You may have followed your credit score closely during your working years, when milestones often coincided with credit checks for mortgages and car loans. However, certain factors related to credit change when you enter retirement.…
You may have followed your credit score closely during your working years, when milestones often coincided with credit checks for mortgages and car loans. However, certain factors related to credit change when you enter retirement. You might not have a mortgage anymore, and have no plans to purchase another car. Only 16 percent of baby boomers were concerned about maintaining good credit as a top financial priority when getting ready for retirement, according to a 2017 TransUnion survey.
But before brushing credit to the side, it’s important to carefully consider whether you will need credit during your retirement years. “Seniors may not anticipate using credit during retirement, but circumstances change,” says Mike Sullivan, a personal finance consultant with Take Charge America, a nonprofit credit counseling and debt management agency. Here’s how credit might be used in the years to come, along with good strategies to stay on top of your credit.
Think about upcoming credit checks. If you’re thinking about moving to an apartment, it may be a good idea to maintain a high credit rating. “Credit profiles and credit scores can affect the ability to rent an apartment,” says Frederic Huynh, vice president of credit risk analytics with Freedom Financial Network in San Francisco. Landlords will often run a credit check for a new tenant. Many companies will also look at credit when setting rates for auto and life insurance.
If you plan to work part time, you’ll want to know where your credit stands before applying for a position. “Employers are allowed to check credit reports, and frequently do so for positions that require access to large amounts of money or sensitive information,” Huynh says.

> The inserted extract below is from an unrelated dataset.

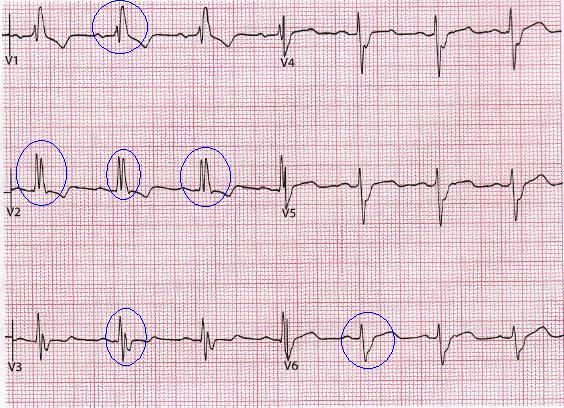 EKG očima záchranáře - PDF Free Download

Score more points with good credit cards. If you have a strong credit score, such as 700 or more, you may be able to boost your finances with a top-notch credit card. “A high credit rating can make a person eligible for prime credit cards,” says Carol Schmitz, senior vice president and branch administrator at Tompkins Mahopac Bank in Pleasantville, New York. You might be able to get a travel or cash-back card with high rewards. If you use the card and always pay off the balance, you’ll accumulate points or earn extra cash.
Don’t overlook the unexpected. You might not plan to borrow during retirement, but if an urgent home repair or medical crisis occurs, you could need extra funds. “Should a sudden need for a loan arise, having a good or better credit rating opens the way to get it at a prime rate,” Schmitz says.
New opportunities to help family members might come up too. If you have a solid credit score, relatives could ask you to co-sign a loan. A grandchild taking out a student loan, for instance, might ask you to co-sign. Keep in mind that co-signing brings certain risks. If the borrower defaults on the loan, you will be the one who has to send in payments.
Consider future interests. As you settle into retirement, you may discover new activities to pursue. “People want to explore interests in retirement that will likely often involve credit, like starting a business or buying a second home,” says Matthew Delpriore, a certified financial planner and director of financial planning with Fortis Lux Financial in New York City. “A good credit score makes it easier to borrow at a favorable rate, particularly in the absence of earned income.”
Good credit can also help finance property changes. If you want to take out a line of credit to make home repairs or you need a reverse mortgage, it’s a good idea to maintain a sold credit rating.
Keep tabs on fraud. Identity theft can be a problem for older people who need care. “Very often a family member or caregiver will steal a credit card or just a credit card number and use the account,” Sullivan says. “Sometimes thieves will use other information, such as bank account numbers, to steal, and these activities may leave tracks on a credit report.”
Staying on top of your credit history can help you spot fraud. “Seniors should check their credit reports at least once a quarter to look for unusual activity,” Sullivan says. You can ask for a report at AnnualCreditReport.com.
Keep the score high. To maintain or build a credit score, start by making it a priority to pay bills before they are late. “On-time payments are the most important factor in credit score calculation, accounting for 35 percent of credit scores,” Huynh says. If you have lingering credit card debt, aim to make changes and pay off the balances. And if you have a credit card with a long, solid history, consider hanging onto it. “The longer you hold a card, the more valuable it is in your credit score determination,” Huynh says. “If you don’t want to use it, store it safely away, but don’t close the account.”